Né vers 1853, Toera fut l’un des derniers rois du Menabe. A la fin du XIXe siècle, alors que les troupes françaises progressaient à travers l’île, il fut l’un des premiers chefs sakalava à prendre les armes pour défendre son territoire, ses traditions et son peuple. Sa résistance, tenace et déterminée, s’est heurtée à la brutale répression coloniale.

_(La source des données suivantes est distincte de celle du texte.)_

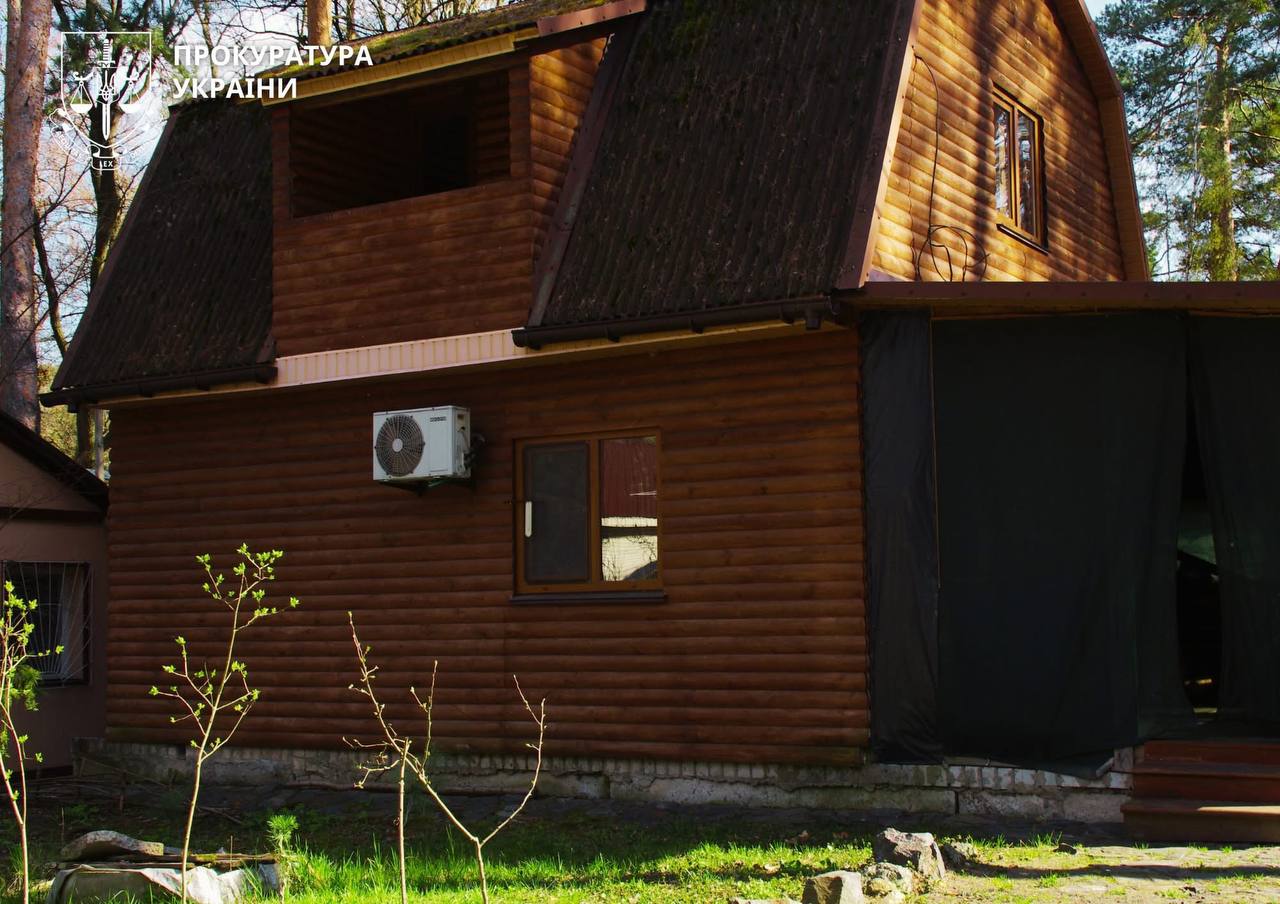 Через суд вимагають знести будинки відпочинку у Свидовці на Черкащині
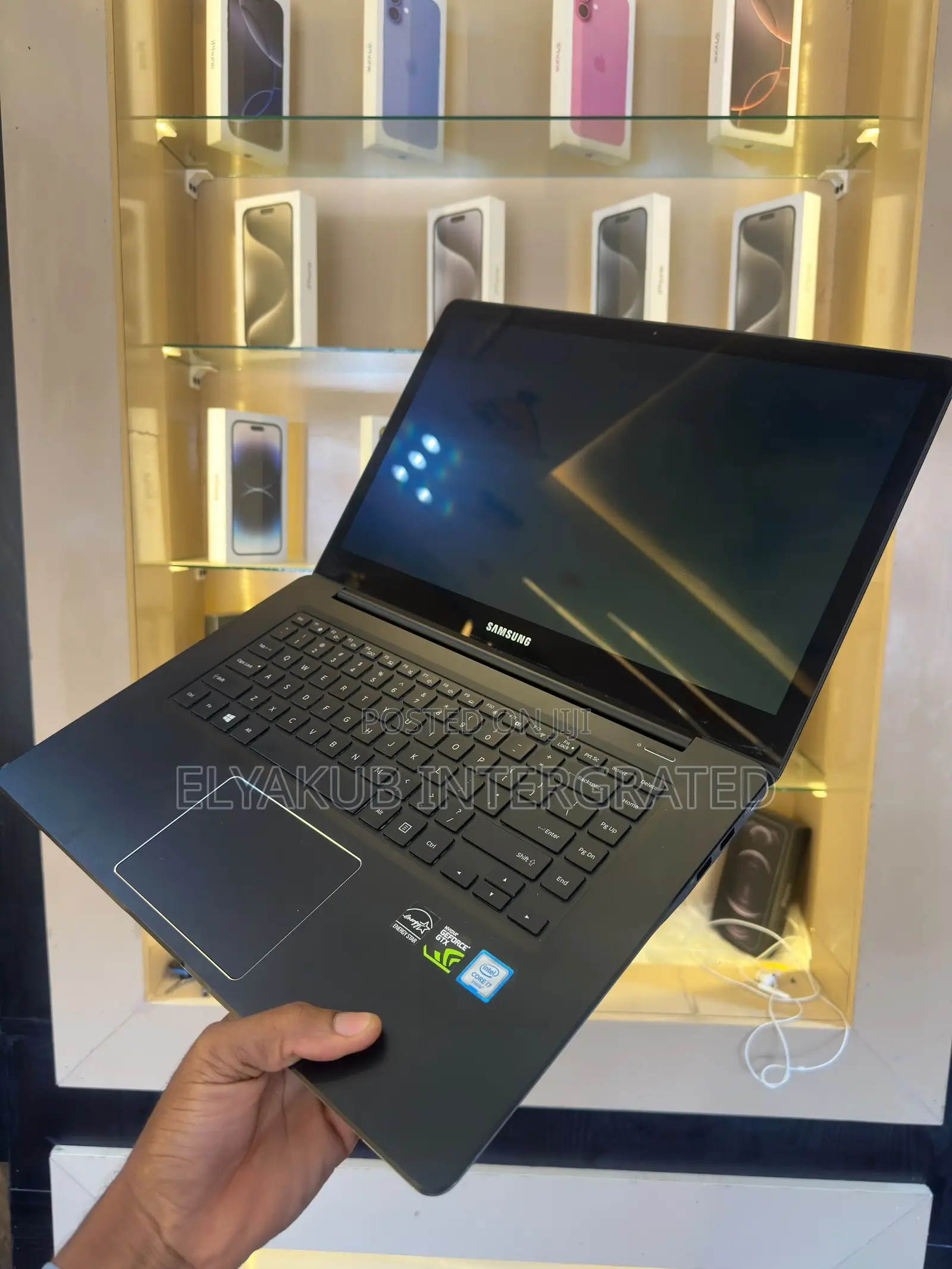 New Laptop Samsung 16GB Intel Core i7 SSD 256GB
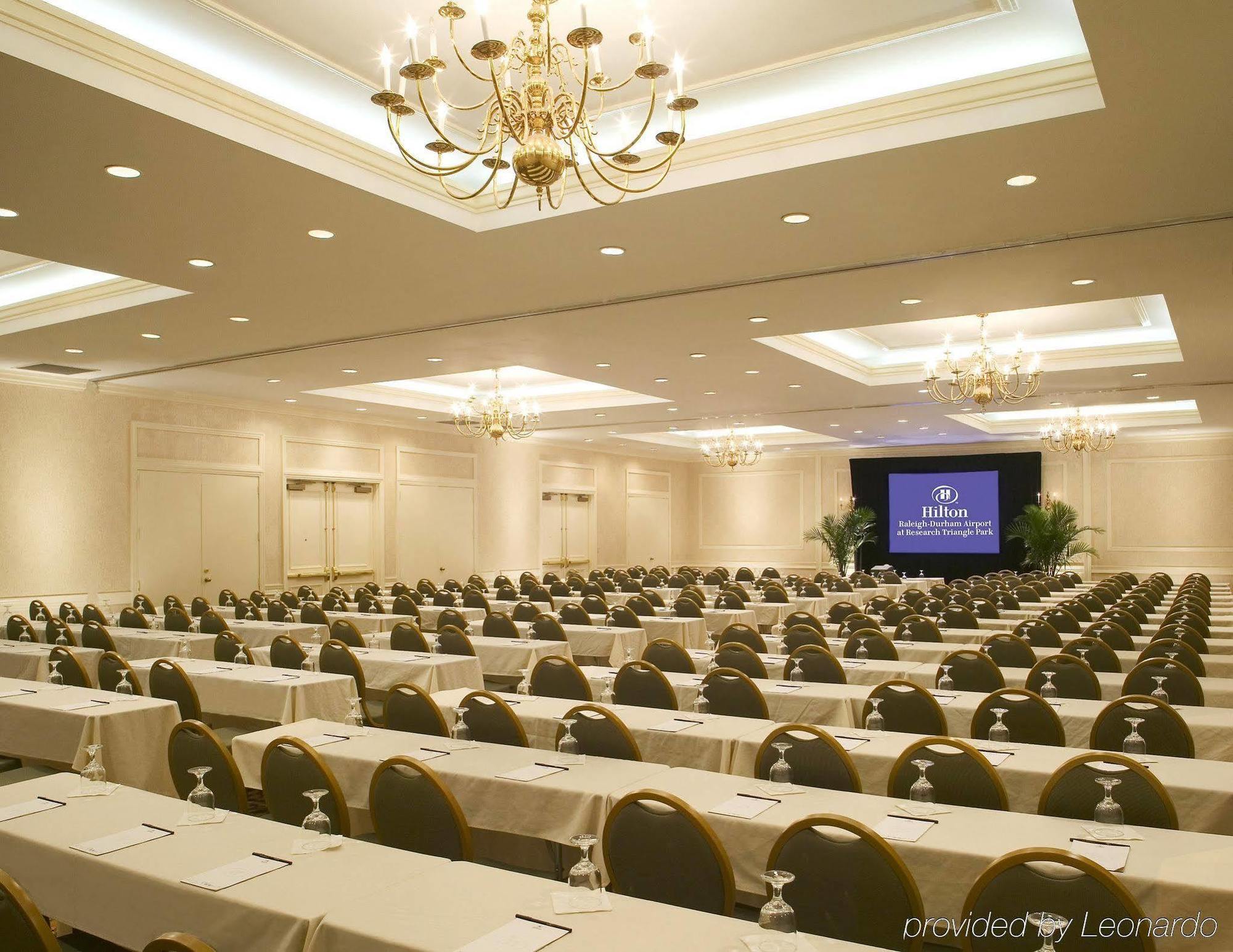Отель Doubletree By Hilton Raleigh Durham Airport At Research Triangle Park Удобства фото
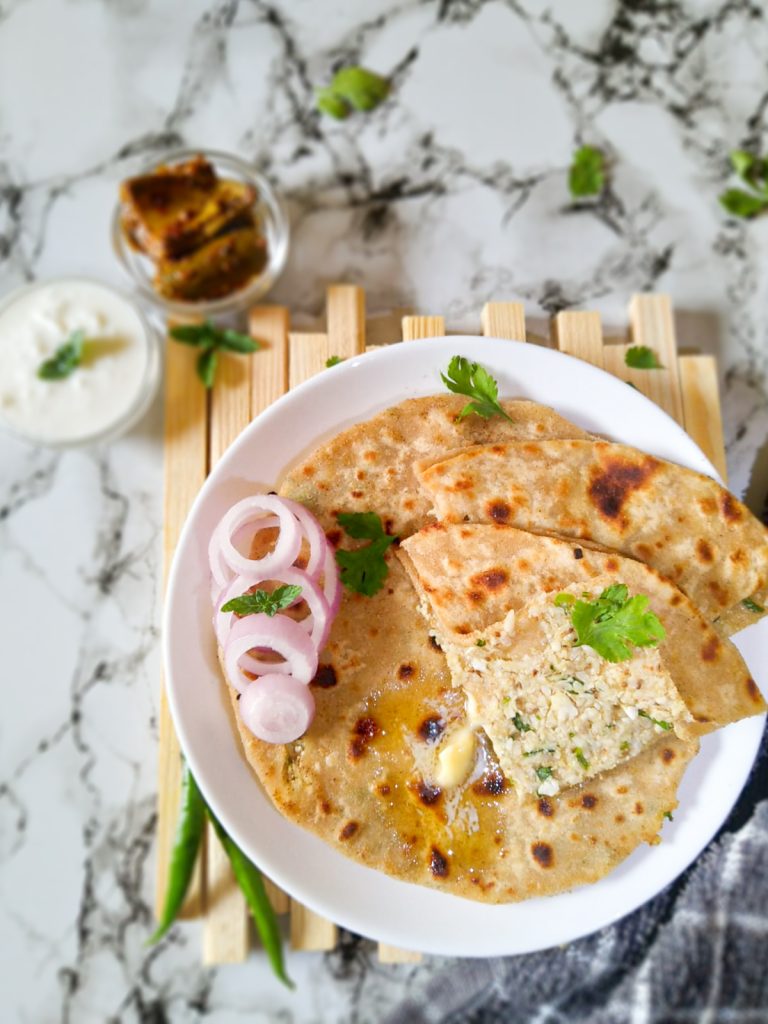Gobhi Paratha With Achar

En 1897, à la suite d’un affrontement sanglant, le roi Toera fut capturé, décapité par les forces françaises, et son crâne emporté en France.
Mémoire et résistance face à la colonisation française
Le massacre d’Ambiky, où s’illustra sa dernière bataille, demeure aujourd’hui le témoignage d’une résistance malagasy généralisée dès les débuts de la colonisation. « Contrairement à l’idée reçue selon laquelle seuls les Merina des Hautes-terres auraient résisté à la colonisation, les faits démontrent que la révolte était nationale, et que les Sakalava y ont joué un rôle crucial », souligne Denis Alexandre Lahiniriko, historien à l’université d’Antananarivo. « Le mouvement de résistance dirigé par Toera dans le Menabe montre que la lutte contre la conquête coloniale concernait tout Madagascar. C’est un soulèvement anticolonial survenu en pleine période de " pacification " menée par le Général Gallieni. Ces événements marquent les premiers signes de la construction d’une conscience nationale malagasy, unie face aux envahisseurs », ajoute-t-il.

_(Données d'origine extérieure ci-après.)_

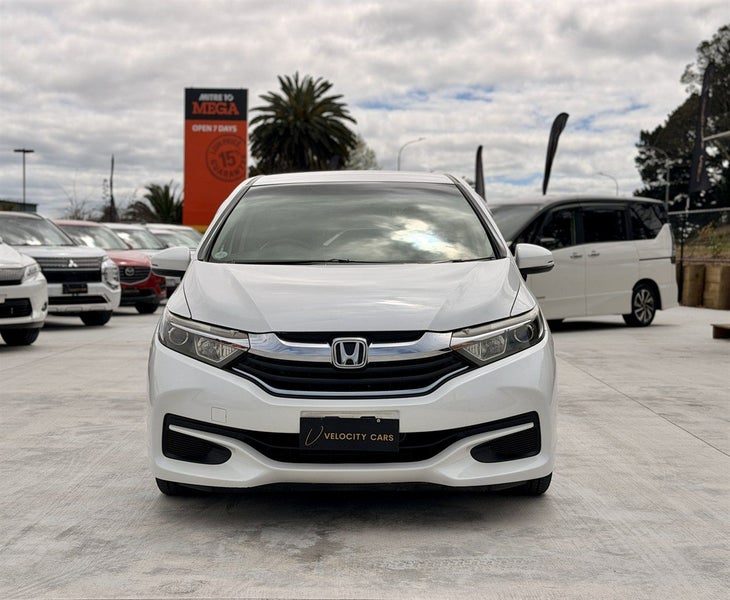 2015 Honda Shuttle HYBRID, photo 2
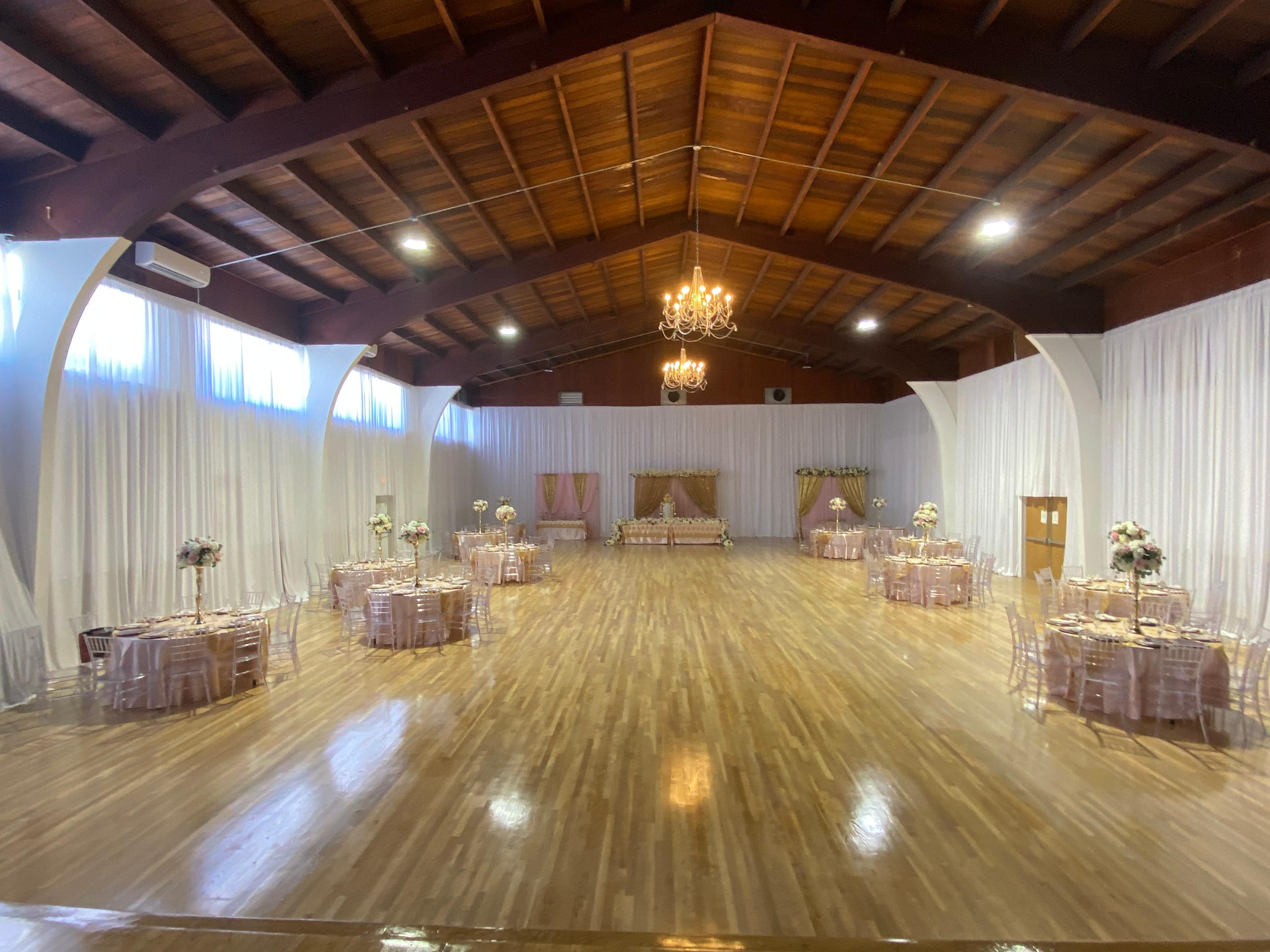 Time Banquet Hall - Montebello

La résistance de Toera n’était pas celle d’un roi isolé, mais celle d’un peuple entier. Des paysans sont tombés à ses côtés, dans une révolte comparable aux événements de 1947. Dans les deux cas, il s’agissait d’une lutte paysanne pour refuser la soumission, réclamer la liberté, et affirmer le droit pour les Malagasy de décider de leur propre destin sur leur propre terre.

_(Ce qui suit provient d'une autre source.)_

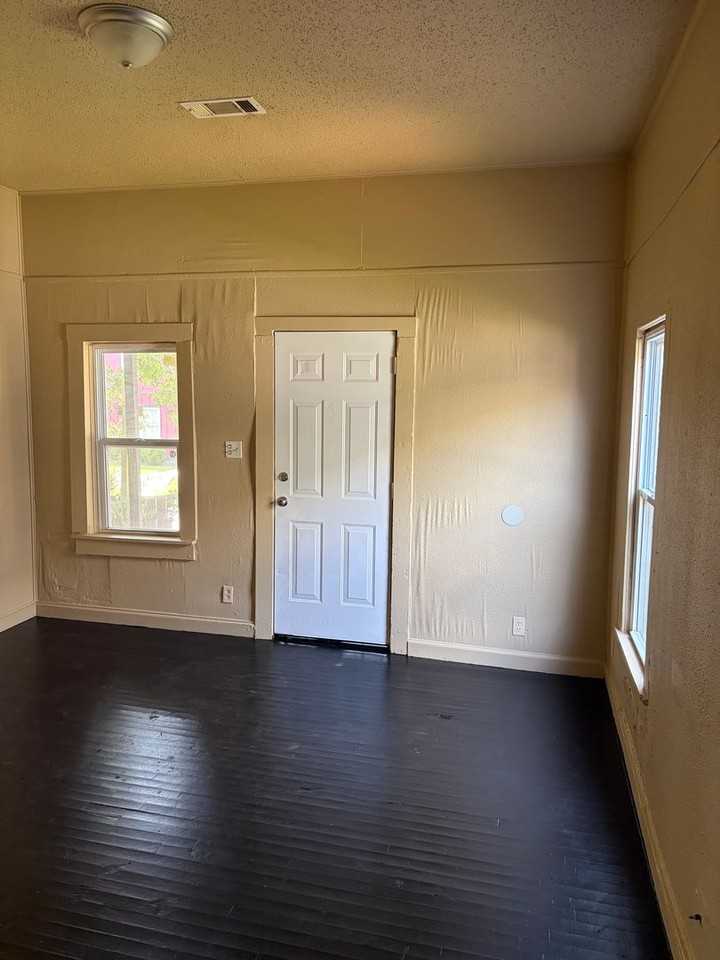 609 S 18th St - Photo 5 of 13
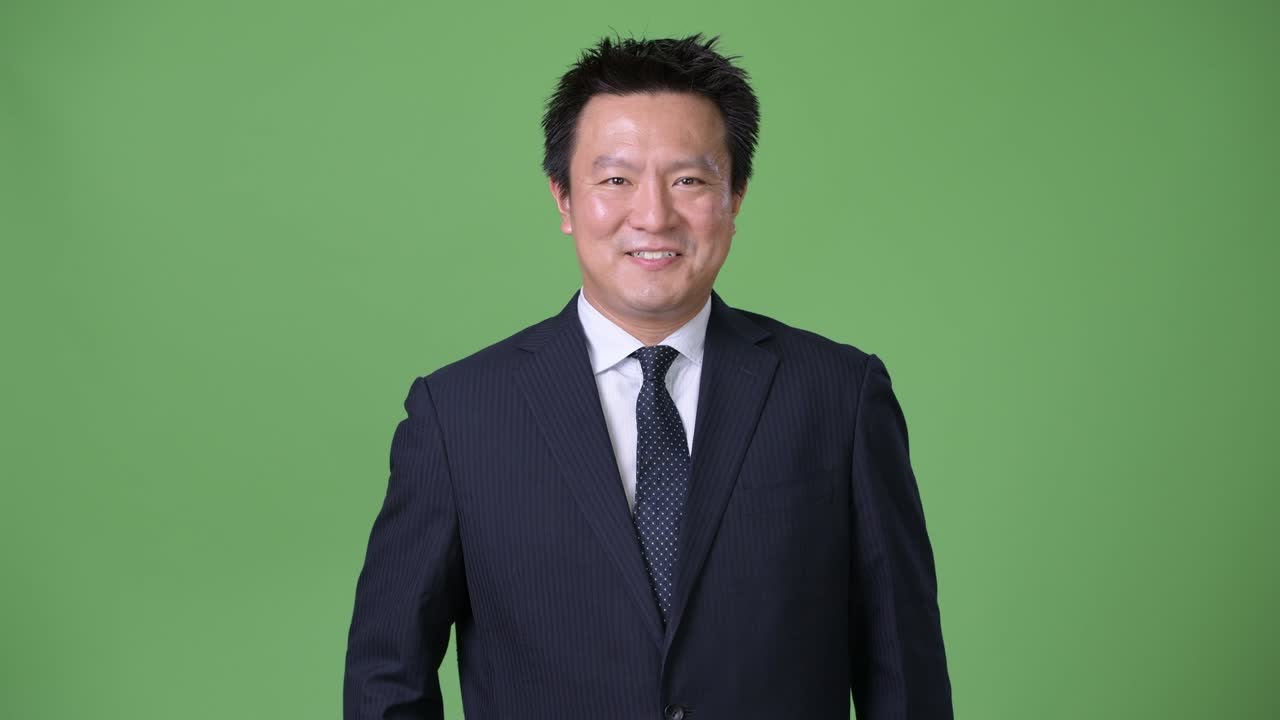 녹색 배경에 성숙한 일본 사업가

« Le roi Toera s’est battu pour sa liberté et pour celle de son peuple. C’est un mouvement populaire qui doit être reconnu à sa juste valeur dans notre Histoire nationale », affirme encore l’historien.
Le rapatriement de sa relique revêt une importance capitale
Aujourd’hui, la mémoire du souverain Toera revient avec force. Son crâne, ou « Kabeso », conservé en France, est au cœur d’un processus de restitution mené par les autorités malagasy, dans le cadre d’un programme national de récupération des biens culturels. Pour le peuple sakalava, cette démarche revêt une importance majeure.
« Lorsqu’un "Ampanjaka" meurt, certaines parties de son corps sont placées dans les reliques du "Zomba" qui symbolisent la continuité du royaume sakalava. Actuellement, seule la relique du roi Toera manque parmi les dix déjà présentes. Son retour est attendu pour être honoré lors d’une future cérémonie du "Fitampoha", aux côtés des autres reliques royales », explique un chef de quartier à Ambiky, District de Belo-sur-Tsiribihina.
Ce retour est bien plus qu’un simple acte symbolique. Il représente une réparation historique, un devoir de mémoire, mais aussi un pilier dans la reconstruction de l’identité nationale malagasy. « Le retour du crâne du roi Toera serait une justice historique et une reconnaissance du combat de nos ancêtres », ajoute ce notable.
Un enjeu pour les relations franco-malagasy
Le cas du roi Toera soulève également une question plus large : celle d’une nouvelle relation politique entre la France et ses anciennes colonies. « Rapatrier ses restes, c’est plus qu’un geste symbolique. C’est poser les fondations d’un nouveau dialogue, basé sur le respect, la mémoire et la justice », rappelle l’historien Denis Alexandre Lahiniriko. Et lui d’ajouter : « Il est fondamental que l’Etat malagasy reconnaisse que l’unité nationale s’est forgée dans la lutte commune contre l’occupation coloniale. A Ambiky comme ailleurs, des Malagasy de toutes origines ont dit non à l’injustice, la dépossession et la domination. C’est dans cette mémoire partagée que se construit la souveraineté de demain ».